1998 Domaine de Croix de Chevre Morgon – We liked this one, although I seem to remember Bill saying it wasn’t a very good example of a Morgon. Domaine de Croix de Chevre sounds like it should mean “Realm of the Crucified Goat,” but probably doesn’t.
2000 Trapiche Malbec – An Argentinean… Argentinian… Argentine… A wine from Argentina that saw a lot of action. Bill said it wasn’t a good example of a Malbec.
2001 Delas Côtes du Ventoux – Very tasty. And French. In your face, jingoistic war-mongers!
2002 Tiefenbrunner Pinot Grigio – Our first white wine on the list, and a darn nice one.

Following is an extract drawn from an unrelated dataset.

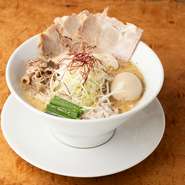 鶏料理を味わうような満足感の『鶏白湯ラーメン』に、豚＆鶏の低温調理チャーシュー・とろとろ半熟味玉・和牛肉しぐれ・白髪ネギ・アーリーレッドをトッピング。見た目も食べ応えも大満足の一杯です。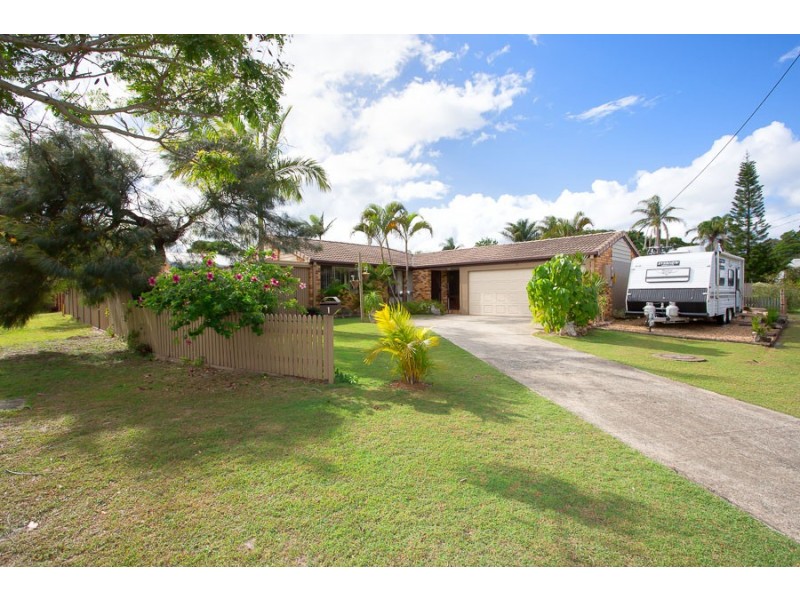 1 Norman Street, Bongaree QLD 4507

2001 Ballantrae Barossa Valley Shiraz – Good, I’m back on familiar ground here. I at least know which words on the label I’m supposed to talk about. This was a really nice Aussie shirAZZ.
The Check Plus Pluses:
2000 Domaine de Beaurenard Côtes du Rhône – There comes a point in the evening when all of the wine has been drunk except the two bottles wrapped in tissue paper that your Dad gave you for Christmas that probably weren’t ten bucks a bottle and that you swore you weren’t going to open. And then you do. How surprised am I, really? Dad, we liked these a lot. I hope I wasn’t supposed to lay these down for my first son’s 21st birthday or anything. I showed them to Bill and asked if I should open them. He said, “If you’re just going to keep them here in the kitchen at room temperature, you might as well drink them now.” He managed to keep the sneer off his face, which I appreciated, and he didn’t vocalize the unspoken, “And I’m sure they’ll go nicely with Cheetos, you peasant.”

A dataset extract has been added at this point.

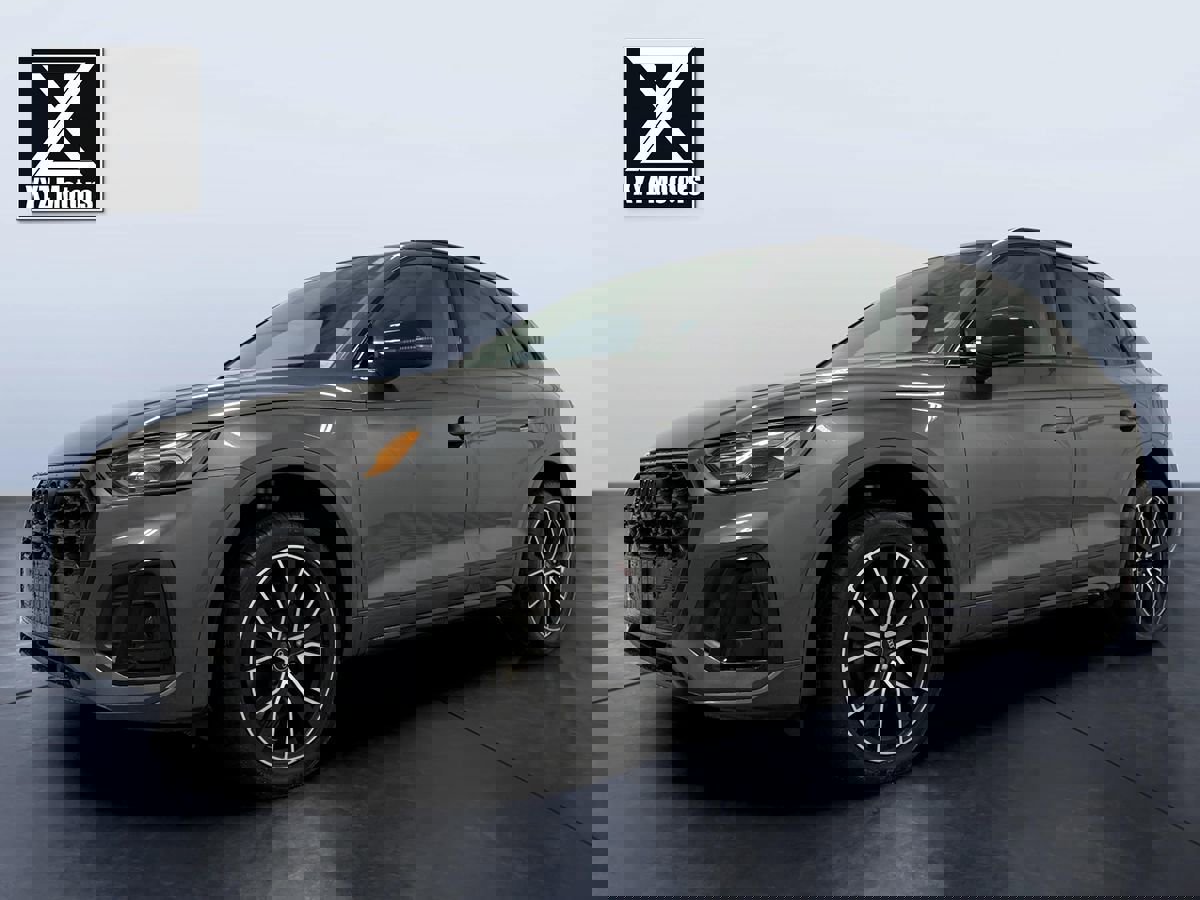 Used 2023 Audi SQ5 Premium Plus w/ Premium Plus Package image 2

Oh dear Lord. There’s some wine left in one of these bottles. I couldn’t possibly. No, please. No more wine. I’ve had… hey, that’s pretty good. And there is a bit of cheese left, if only the stuff that smells like ass. And I think I have some port. Be right back.
2000 Salice Salentino Rosso – Okay, I have no idea what most of the words on this label mean. I know “Rosso” means red. It also says “V.P.Q.R.D.” on the back. My study has not yet led me to an understanding of Italian wine acronyms, so you’re on your own here. This was a fine, full-bodied wine that got a lot of attention.
1999 Wilson Vineyard Polish Hill River Shiraz – Seemingly named by one of those random text generators that spam emailers use, but another nice bottle of plonk from kangaroo country nonetheless. Perhaps we could have a picnic one day on Bethel-Hickory Grove Church Road and drink a bottle of Wilson Vineyard Polish Hill River Shiraz.
2001 Dr. M. Prüm Riesling – German wine labels. Who the hell knows. Luckily, there are only two words, two abbreviations and a number on this one, so I just put ’em all down. Oooh, this was nice. Very full and rich. Bill says it only goes for about ten or twelve bucks a bottle because of something something Spätlese hummina hummina something something Kabinett. But the secret is out and you probably won’t be able to find it because people like him have already bought it all.
And perhaps the star of the show:
2002 Excelsior Cabernet Sauvignon – I asked Bill if he’d tried the South African cab. He said, “If you can give me a South African wine that I like, I’ll be very impressed.” I said, “Here, try this.” He said, “This is really good. What is it?” I said, “It’s the South African cab I mentioned four seconds ago. Are you sure you want to drive home?” He declared it the “best value” of the wines we sampled. But he said it wasn’t a good example of a cabernet sauvignon.
So, there you are, the first jury results from the Inn at Fernwood panel. I should notify the vineyards so that they can place an appropriate symbol of our approval on the bottles. Perhaps a small image of a smiling Pauly Monaco with a bottle in each hand. We’ll call it “The Slacker d’Or.”
Thanks again to all who participated.
Through purple teeth, I wish you all a fond return to PBR for the foreseeable future.